Your task: Repeat the lines below exactly as they appear, but leave out the images.

--- Records shown Enclosed Below ---

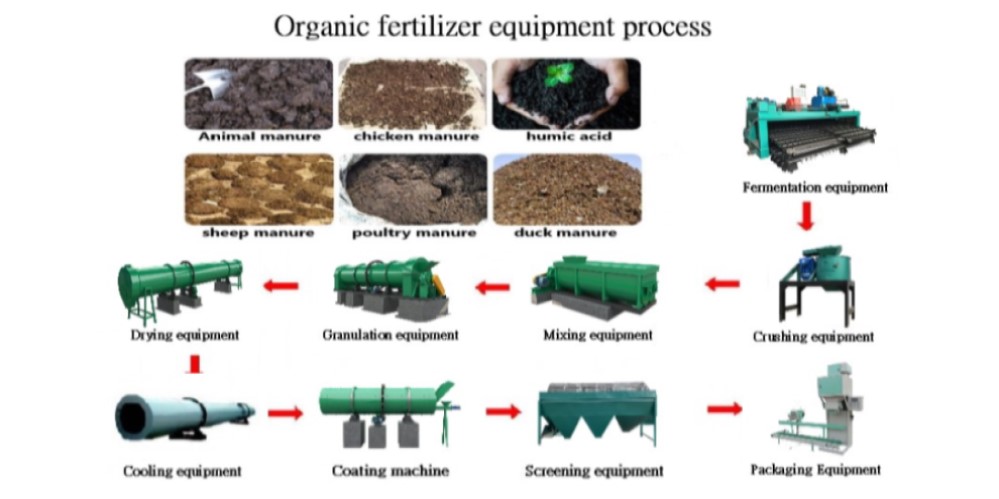 Organic fertilizer making machine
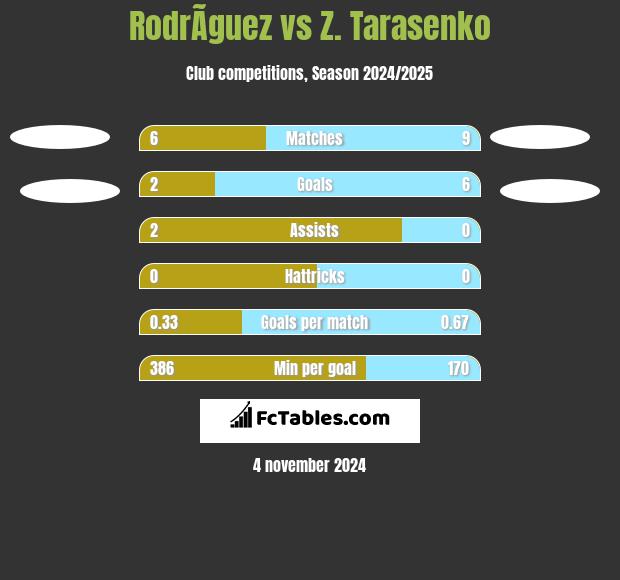 RodrÃ­guez vs Z. Tarasenko h2h player stats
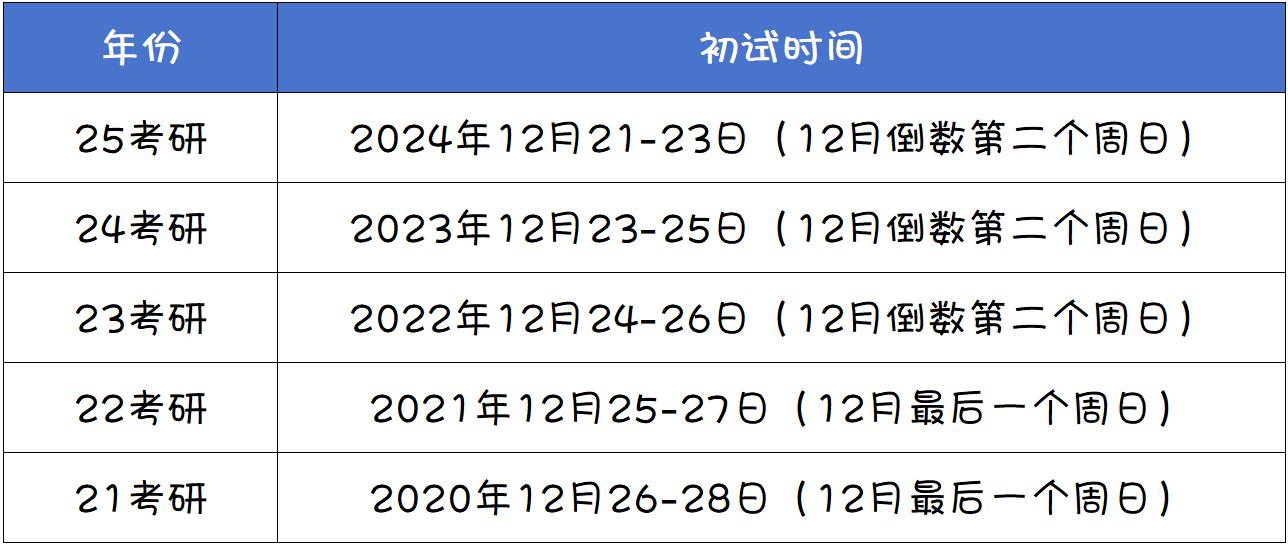 考研初试时间安排.jpg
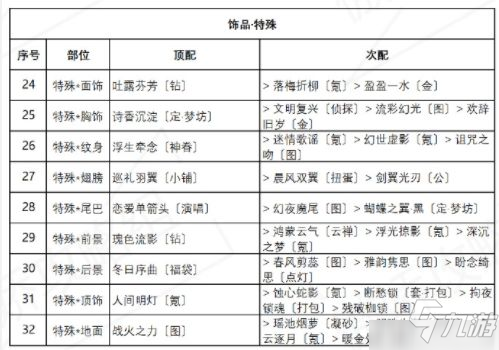 奇迹暖暖盛夏比拼怎么搭配 高分搭配攻略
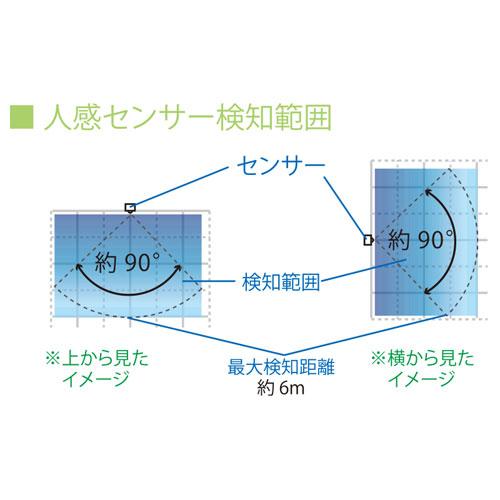 オーム電機 LEDセンサーライト 明暗+人感 屋内用 200lm 電池式 NIT-BLA6J300-WN｜webby｜03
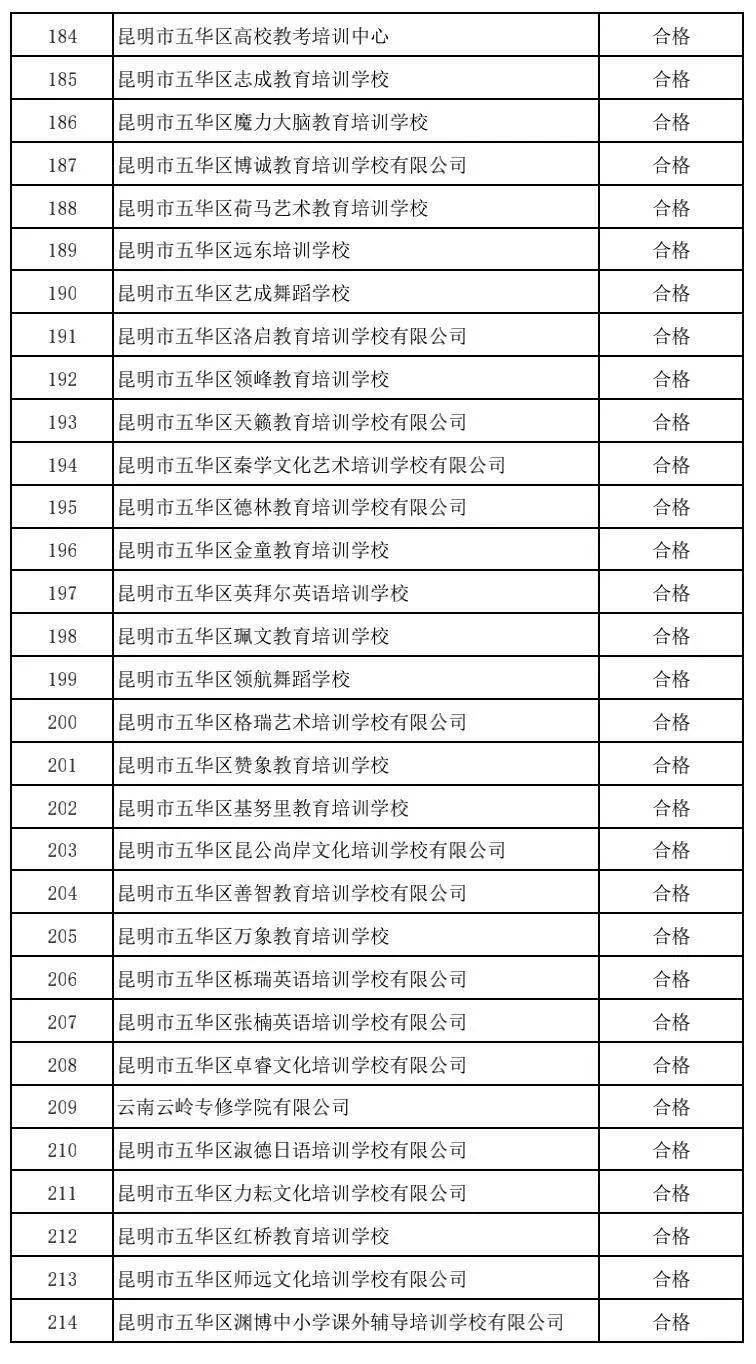 昆明|注意！昆明这5所民办中小学、64所培训机构暂停办学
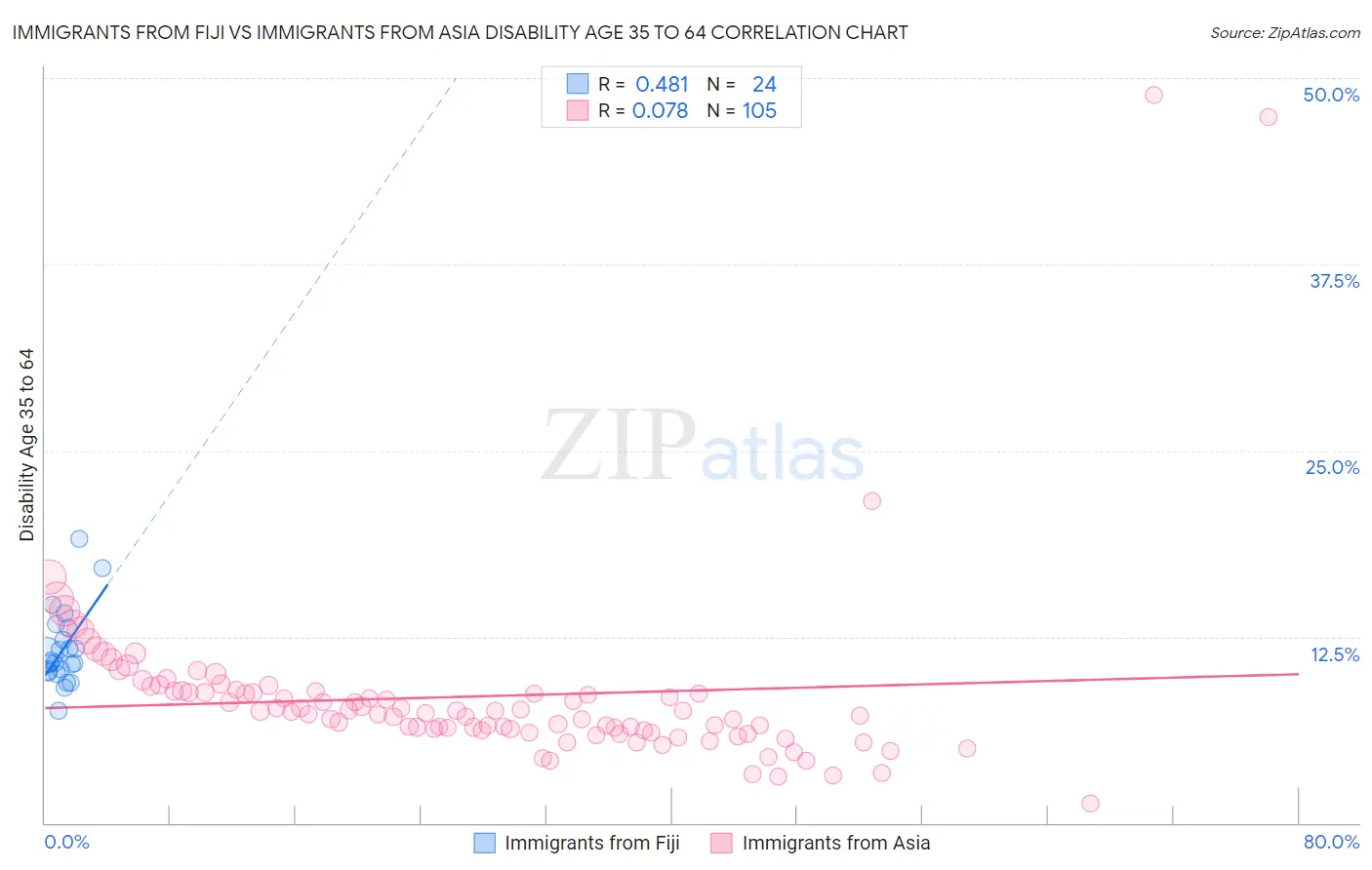 Immigrants from Fiji vs Immigrants from Asia Disability Age 35 to 64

--- End of Enclosed Records shown ---

Written answer:
 Organic fertilizer making machine
 RodrÃ­guez vs Z. Tarasenko h2h player stats
 考研初试时间安排.jpg
 奇迹暖暖盛夏比拼怎么搭配 高分搭配攻略
 オーム電機 LEDセンサーライト 明暗+人感 屋内用 200lm 電池式 NIT-BLA6J300-WN｜webby｜03
 昆明|注意！昆明这5所民办中小学、64所培训机构暂停办学
 Immigrants from Fiji vs Immigrants from Asia Disability Age 35 to 64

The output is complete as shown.